Rendu capable de voir le monde avec les yeux de Dieu et toujours davantage incorporé au Christ, le moine tend vers la fin ultime pour laquelle l’homme a été créé : la divinisation, la participation à la vie trinitaire. Cela n’est possible que par grâce pour celui qui, dans la prière, les larmes de componction et la charité, s’ouvre à l’accueil de l’Esprit Saint, comme le rappelle un autre grand moine de cette bien-aimée terre slave, Séraphim de Sarov (cf. Colloquio con Motovilov III, in P. Evdokimov, Serafim di Sarov uomo dello Spirito, Bose 1996, pp. 67-81).
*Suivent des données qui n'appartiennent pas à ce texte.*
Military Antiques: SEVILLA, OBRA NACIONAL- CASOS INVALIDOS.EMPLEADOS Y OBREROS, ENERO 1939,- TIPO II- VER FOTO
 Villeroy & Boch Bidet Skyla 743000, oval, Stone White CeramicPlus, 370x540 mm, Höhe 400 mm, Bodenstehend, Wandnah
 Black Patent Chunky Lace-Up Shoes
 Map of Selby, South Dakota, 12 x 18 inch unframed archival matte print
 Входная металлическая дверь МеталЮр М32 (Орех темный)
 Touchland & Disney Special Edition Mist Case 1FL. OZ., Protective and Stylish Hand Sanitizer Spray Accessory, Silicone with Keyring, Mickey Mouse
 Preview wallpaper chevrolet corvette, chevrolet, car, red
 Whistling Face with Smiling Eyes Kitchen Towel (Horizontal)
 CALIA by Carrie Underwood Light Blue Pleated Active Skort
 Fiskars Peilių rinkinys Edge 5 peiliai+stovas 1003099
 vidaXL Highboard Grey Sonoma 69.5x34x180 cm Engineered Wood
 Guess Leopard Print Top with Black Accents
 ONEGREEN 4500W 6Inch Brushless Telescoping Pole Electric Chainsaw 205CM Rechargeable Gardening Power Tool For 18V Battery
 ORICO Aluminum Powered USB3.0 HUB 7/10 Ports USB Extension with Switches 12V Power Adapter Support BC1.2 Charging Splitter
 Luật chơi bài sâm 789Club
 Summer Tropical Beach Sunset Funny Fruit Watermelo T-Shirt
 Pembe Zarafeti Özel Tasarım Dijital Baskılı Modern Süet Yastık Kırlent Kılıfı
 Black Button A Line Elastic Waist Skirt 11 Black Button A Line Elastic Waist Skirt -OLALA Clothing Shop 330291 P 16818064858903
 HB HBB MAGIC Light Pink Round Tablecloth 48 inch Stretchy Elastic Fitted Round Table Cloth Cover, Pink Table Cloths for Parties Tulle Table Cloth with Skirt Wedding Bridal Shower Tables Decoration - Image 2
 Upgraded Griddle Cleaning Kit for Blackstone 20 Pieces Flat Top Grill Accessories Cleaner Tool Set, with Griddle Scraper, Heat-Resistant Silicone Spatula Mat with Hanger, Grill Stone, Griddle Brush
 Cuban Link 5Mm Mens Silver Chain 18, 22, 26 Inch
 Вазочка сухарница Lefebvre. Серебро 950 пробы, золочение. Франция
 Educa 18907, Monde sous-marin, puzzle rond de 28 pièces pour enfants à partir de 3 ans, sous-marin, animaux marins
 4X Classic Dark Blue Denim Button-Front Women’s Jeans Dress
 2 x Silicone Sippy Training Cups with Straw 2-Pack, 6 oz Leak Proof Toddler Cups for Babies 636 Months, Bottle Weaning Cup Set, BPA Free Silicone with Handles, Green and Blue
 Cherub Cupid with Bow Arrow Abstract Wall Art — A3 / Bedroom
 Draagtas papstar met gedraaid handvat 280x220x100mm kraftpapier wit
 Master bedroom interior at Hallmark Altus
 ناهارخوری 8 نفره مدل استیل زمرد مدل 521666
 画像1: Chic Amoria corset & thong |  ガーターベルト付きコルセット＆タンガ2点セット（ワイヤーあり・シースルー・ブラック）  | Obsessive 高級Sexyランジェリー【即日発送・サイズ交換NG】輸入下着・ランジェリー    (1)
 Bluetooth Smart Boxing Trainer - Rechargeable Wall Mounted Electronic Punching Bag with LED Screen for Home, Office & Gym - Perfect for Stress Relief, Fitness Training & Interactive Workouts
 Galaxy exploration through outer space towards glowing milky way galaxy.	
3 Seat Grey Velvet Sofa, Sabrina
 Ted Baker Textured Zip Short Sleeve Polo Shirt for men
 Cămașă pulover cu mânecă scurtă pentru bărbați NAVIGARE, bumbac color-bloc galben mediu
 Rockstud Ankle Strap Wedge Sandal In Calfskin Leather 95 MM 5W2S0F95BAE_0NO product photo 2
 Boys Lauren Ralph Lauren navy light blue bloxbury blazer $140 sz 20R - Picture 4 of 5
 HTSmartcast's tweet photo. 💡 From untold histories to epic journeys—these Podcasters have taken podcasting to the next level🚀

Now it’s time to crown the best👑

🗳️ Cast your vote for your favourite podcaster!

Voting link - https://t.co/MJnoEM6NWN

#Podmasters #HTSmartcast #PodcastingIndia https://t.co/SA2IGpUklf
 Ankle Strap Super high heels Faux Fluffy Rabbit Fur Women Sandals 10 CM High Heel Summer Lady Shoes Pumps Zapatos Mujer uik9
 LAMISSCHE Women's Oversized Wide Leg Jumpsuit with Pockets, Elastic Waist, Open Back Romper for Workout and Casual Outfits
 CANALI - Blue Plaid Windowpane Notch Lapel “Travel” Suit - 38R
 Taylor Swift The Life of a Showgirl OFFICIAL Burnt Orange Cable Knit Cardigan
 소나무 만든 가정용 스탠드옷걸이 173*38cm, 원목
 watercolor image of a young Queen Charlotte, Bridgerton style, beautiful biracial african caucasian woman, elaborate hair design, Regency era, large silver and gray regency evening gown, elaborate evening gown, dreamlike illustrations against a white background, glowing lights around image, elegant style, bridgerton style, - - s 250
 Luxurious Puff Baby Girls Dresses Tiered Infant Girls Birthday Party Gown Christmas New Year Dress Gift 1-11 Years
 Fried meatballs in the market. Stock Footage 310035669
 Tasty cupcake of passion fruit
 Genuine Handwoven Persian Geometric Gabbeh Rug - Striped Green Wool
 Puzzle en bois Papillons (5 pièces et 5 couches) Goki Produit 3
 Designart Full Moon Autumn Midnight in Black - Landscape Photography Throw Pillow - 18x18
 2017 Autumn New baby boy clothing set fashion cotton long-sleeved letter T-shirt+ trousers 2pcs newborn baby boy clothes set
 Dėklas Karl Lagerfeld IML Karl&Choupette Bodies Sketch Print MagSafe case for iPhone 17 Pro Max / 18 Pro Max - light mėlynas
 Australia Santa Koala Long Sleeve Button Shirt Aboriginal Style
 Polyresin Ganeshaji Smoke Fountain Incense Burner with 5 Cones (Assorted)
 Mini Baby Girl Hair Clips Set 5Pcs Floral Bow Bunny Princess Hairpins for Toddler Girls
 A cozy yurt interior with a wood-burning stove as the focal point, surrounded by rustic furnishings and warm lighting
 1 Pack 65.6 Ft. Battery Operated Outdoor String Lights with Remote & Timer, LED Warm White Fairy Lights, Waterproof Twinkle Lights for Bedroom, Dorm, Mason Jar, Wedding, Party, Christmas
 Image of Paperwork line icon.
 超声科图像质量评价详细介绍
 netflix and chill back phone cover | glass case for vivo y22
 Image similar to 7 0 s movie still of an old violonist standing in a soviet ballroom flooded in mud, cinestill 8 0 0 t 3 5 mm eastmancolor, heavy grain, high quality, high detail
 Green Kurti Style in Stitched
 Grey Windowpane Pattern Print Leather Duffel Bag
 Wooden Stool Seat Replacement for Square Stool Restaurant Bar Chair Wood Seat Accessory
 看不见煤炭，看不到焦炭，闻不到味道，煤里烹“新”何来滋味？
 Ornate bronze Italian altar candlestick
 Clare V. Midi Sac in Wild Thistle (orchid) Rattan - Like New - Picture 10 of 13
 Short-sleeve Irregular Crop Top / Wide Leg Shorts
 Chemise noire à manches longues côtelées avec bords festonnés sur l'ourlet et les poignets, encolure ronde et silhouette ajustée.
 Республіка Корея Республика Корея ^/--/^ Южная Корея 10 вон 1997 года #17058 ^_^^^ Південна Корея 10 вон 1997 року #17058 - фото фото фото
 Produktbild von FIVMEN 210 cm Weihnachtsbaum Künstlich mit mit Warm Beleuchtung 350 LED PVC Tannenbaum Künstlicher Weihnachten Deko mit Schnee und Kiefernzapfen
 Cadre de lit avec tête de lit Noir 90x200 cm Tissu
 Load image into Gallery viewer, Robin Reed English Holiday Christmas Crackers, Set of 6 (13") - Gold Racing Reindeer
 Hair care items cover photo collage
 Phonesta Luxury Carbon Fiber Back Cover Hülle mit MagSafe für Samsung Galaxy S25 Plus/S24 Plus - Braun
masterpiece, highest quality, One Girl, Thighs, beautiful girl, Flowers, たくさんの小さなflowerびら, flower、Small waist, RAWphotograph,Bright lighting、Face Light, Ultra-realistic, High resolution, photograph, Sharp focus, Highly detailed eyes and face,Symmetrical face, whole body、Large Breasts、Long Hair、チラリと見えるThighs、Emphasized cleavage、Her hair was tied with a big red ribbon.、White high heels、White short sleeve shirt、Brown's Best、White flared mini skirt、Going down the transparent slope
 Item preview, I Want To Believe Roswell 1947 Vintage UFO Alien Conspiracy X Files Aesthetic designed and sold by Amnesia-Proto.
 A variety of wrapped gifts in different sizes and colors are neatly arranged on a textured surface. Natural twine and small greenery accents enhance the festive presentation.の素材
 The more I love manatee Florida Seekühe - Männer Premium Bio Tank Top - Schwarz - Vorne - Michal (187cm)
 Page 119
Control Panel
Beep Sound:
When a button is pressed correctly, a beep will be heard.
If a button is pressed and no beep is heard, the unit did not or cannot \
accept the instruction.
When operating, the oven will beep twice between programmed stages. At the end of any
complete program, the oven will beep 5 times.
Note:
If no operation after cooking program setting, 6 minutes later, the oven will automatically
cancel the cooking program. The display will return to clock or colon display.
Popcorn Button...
7. Combien de témoins de la voie de la sainteté ont brillé dans ce monastère de Rila, au cours de sa vie multisécul
aire, et aussi dans tant d’autres monastères orthodoxes ! Comme il est grand le devoir de gratitude de l’Église universelle envers tous les ascètes qui ont su rappeler l’«unique nécessaire» (cf. Lc 10, 42), la destinée dernière de l’homme !
Nous admirons avec gratitude la précieuse tradition que les moines d’Orient vivent fidèlement et qu’ils continuent à transmettre de génération en génération comme signe authentique de l’eschaton, de cet avenir auquel Dieu continue d’appeler tout homme par la force intérieure de l’Esprit. À travers leur adoration de la sainte Trinité, à travers la communion vécue dans la charité, à travers l’espérance, ils sont signes que leur intercession rejoint chaque homme et chaque créature, jusqu’au seuil de l’enfer, comme le rappelle saint Silouane du Mont-Athos (cf. Ieromonach Sofronij, Starec Siluan, Stavropegic Monastery of St John the Baptist, Tolleshunt Knights by Mladon, 1952 [1990], pp. 91-93).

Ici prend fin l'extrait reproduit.